Il punto di forza del franchise di Electronic Arts è senza dubbio la possibilità di essere giocato in due giocatori sulla medesima console, una modalità cooperativa che ci permette di sederci sul divano in compagnia di un amico, godendoci un'adrenalinica esperienza piena di esplosioni e rocamboleschi stunt. Godere di un'azione in co-op non è solo una possibilità offerta dall'IP realizzata da EA Montreal, ma la vera e propria colonna portante di un gioco pensato per essere condiviso con un secondo giocatore.

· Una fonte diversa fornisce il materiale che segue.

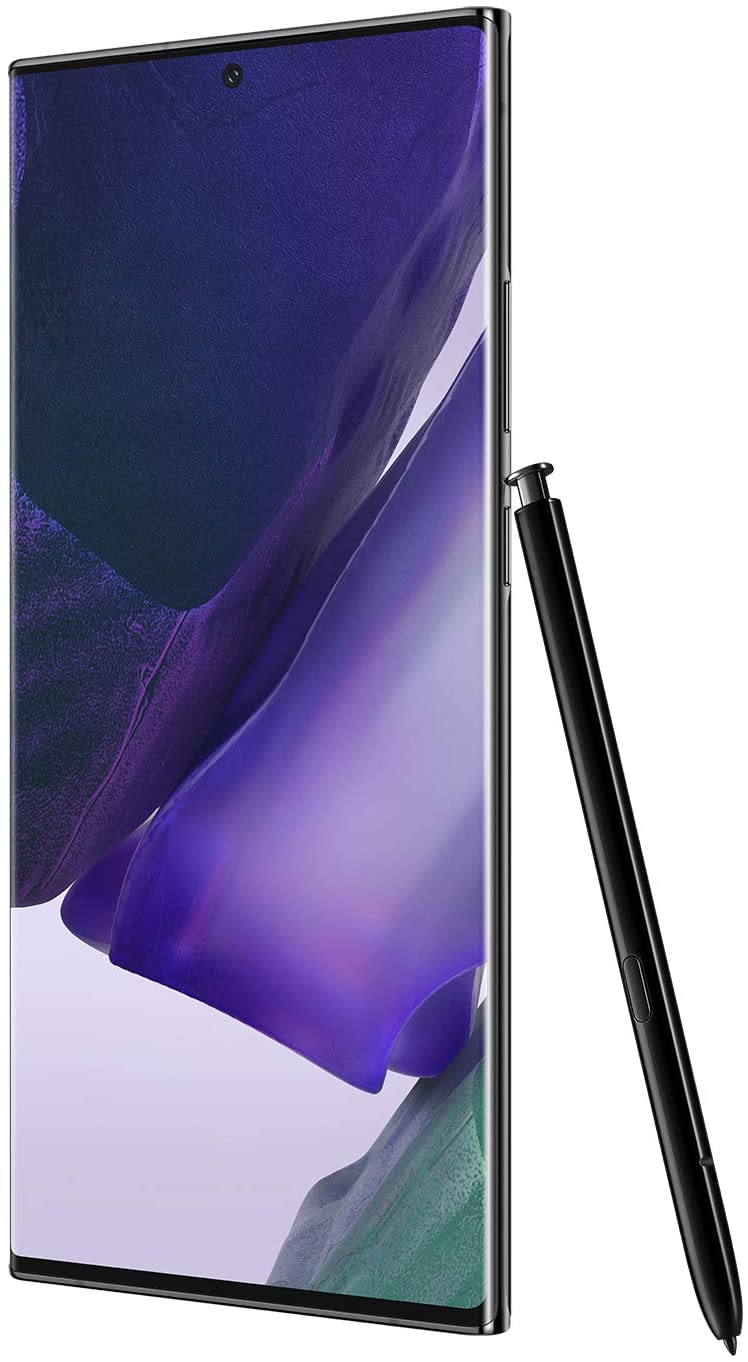 128GB Smartphone C972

Il primo episodio di Army of Two approda sugli scaffali dei negozi nel marzo del 2008 e ci vede protagonisti di un viaggio da un capo all'altro del pianeta, dall'Iraq alla Cina, passando per gli Stati Uniti e la Somalia, nel tentativo di sventare un intricato complotto che vedrà accusati i protagonisti di crimini e misfatti che non hanno compiuto. La storyline è semplice ma adatta allo scopo e i personaggi immediatamente assimilati da un pubblico di giovani gamers che si identificano subito con la coppia di mercenari del Trans World Operation. Il gameplay però è il vero protagonista; veloce, dinamico, divertente, in un mercato dove la richiesta di giochi cooperativi è sempre superiore all'offerta realmente proposta. Nel 2010, a due anni di distanza, EA lancia il seguito The 40th Day, che questa volta approda anche sulla portatile di Sony, PSP. Il successo è rinnovato, con un'avventura ambientata a Shangai e un sistema di gioco che comprende svariate aggiunte, tra cui il sistema di Aggro e un gameplay ancor più movimentato e coinvolgente.

IL CARTELLO

L'ambientazione presa in considerazione da Visceral Games per la nuova avventura del dinamico duo di mercenari è quella del Messico della droga, il centroamerica del narcotraffico e la sua guerra contro il crimine organizzato meglio noto come “Cartello”. Esattamente come in passato per i precedenti episodi di Army of Two, il contesto è reale e tangibile, come il problema che affligge il governo messicano da ormai 25 anni e che sembra praticamente inarrestabile, con vittime civili ed innocenti che pagano con la vita ogni giorno. Nell'america centrale e nel sud degli stati uniti il tema è sempre caldo e le vittime di questo assurdo conflitto praticamente quotidiane, motivo per il quale gli sviluppatori hanno voluto sensibilizzare su queste spiacevoli vicende sfruttando un'ambientazione odierna e attualissima. La storia di Army of Two: The Devil's Cartel ci viene raccontata attraverso i medesimi stereotipi videoludici della serie e i cliché tipici del gioco d'azione di oggi, con eroi tutti muscoli e tatuaggi pronti a dare la vita per una lotta ad armi impari, apparentemente priva di speranza alcuna. L'impressione è quella di poter muovere con il pad i soldati indistruttibili di film d'azione come The Expendables. Abbiamo potuto saggiare solo minima parte di quello che sarà il gioco definitivo, ma se amate il war and stunt movie e il cinema tutto piombo ed esplosioni, il nuovo episodio del gioco di Visceral è certamente quello che fa per voi, ricco di azione al limite dell'impossibile.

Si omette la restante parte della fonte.